Problem: Repeat the records exactly. Every line must match.
*** Opening Available data ***
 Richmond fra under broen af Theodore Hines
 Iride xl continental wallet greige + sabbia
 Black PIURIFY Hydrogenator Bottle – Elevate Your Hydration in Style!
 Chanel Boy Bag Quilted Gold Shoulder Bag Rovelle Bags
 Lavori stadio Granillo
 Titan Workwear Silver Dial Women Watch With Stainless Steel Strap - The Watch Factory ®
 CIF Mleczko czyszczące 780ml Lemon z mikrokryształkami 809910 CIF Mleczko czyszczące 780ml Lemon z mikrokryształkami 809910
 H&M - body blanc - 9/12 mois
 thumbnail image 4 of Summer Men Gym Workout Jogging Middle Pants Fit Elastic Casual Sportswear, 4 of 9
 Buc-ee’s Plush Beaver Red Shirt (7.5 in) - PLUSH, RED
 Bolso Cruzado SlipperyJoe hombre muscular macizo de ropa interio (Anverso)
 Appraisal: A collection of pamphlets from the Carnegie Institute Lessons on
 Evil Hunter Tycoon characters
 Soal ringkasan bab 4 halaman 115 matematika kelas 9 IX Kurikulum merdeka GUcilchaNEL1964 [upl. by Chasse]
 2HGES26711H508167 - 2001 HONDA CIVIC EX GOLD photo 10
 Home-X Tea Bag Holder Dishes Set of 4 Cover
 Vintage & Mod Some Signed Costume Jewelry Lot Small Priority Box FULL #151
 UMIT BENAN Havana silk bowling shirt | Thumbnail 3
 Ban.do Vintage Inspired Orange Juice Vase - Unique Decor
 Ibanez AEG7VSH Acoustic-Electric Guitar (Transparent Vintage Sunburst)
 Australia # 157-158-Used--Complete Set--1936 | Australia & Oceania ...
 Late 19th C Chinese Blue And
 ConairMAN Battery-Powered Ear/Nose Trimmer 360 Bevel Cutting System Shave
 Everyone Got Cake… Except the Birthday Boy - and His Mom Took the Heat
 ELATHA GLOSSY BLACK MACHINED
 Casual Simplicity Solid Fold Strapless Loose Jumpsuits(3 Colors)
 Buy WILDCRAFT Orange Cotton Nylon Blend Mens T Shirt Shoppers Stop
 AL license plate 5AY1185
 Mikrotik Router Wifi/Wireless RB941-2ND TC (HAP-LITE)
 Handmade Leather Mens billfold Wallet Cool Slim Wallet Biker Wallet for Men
*** Closing Available data ***
Expected answer:
 Richmond fra under broen af Theodore Hines
 Iride xl continental wallet greige + sabbia
 Black PIURIFY Hydrogenator Bottle – Elevate Your Hydration in Style!
 Chanel Boy Bag Quilted Gold Shoulder Bag Rovelle Bags
 Lavori stadio Granillo
 Titan Workwear Silver Dial Women Watch With Stainless Steel Strap - The Watch Factory ®
 CIF Mleczko czyszczące 780ml Lemon z mikrokryształkami 809910 CIF Mleczko czyszczące 780ml Lemon z mikrokryształkami 809910
 H&M - body blanc - 9/12 mois
 thumbnail image 4 of Summer Men Gym Workout Jogging Middle Pants Fit Elastic Casual Sportswear, 4 of 9
 Buc-ee’s Plush Beaver Red Shirt (7.5 in) - PLUSH, RED
 Bolso Cruzado SlipperyJoe hombre muscular macizo de ropa interio (Anverso)
 Appraisal: A collection of pamphlets from the Carnegie Institute Lessons on
 Evil Hunter Tycoon characters
 Soal ringkasan bab 4 halaman 115 matematika kelas 9 IX Kurikulum merdeka GUcilchaNEL1964 [upl. by Chasse]
 2HGES26711H508167 - 2001 HONDA CIVIC EX GOLD photo 10
 Home-X Tea Bag Holder Dishes Set of 4 Cover
 Vintage & Mod Some Signed Costume Jewelry Lot Small Priority Box FULL #151
 UMIT BENAN Havana silk bowling shirt | Thumbnail 3
 Ban.do Vintage Inspired Orange Juice Vase - Unique Decor
 Ibanez AEG7VSH Acoustic-Electric Guitar (Transparent Vintage Sunburst)
 Australia # 157-158-Used--Complete Set--1936 | Australia & Oceania ...
 Late 19th C Chinese Blue And
 ConairMAN Battery-Powered Ear/Nose Trimmer 360 Bevel Cutting System Shave
 Everyone Got Cake… Except the Birthday Boy - and His Mom Took the Heat
 ELATHA GLOSSY BLACK MACHINED
 Casual Simplicity Solid Fold Strapless Loose Jumpsuits(3 Colors)
 Buy WILDCRAFT Orange Cotton Nylon Blend Mens T Shirt Shoppers Stop
 AL license plate 5AY1185
 Mikrotik Router Wifi/Wireless RB941-2ND TC (HAP-LITE)
 Handmade Leather Mens billfold Wallet Cool Slim Wallet Biker Wallet for Men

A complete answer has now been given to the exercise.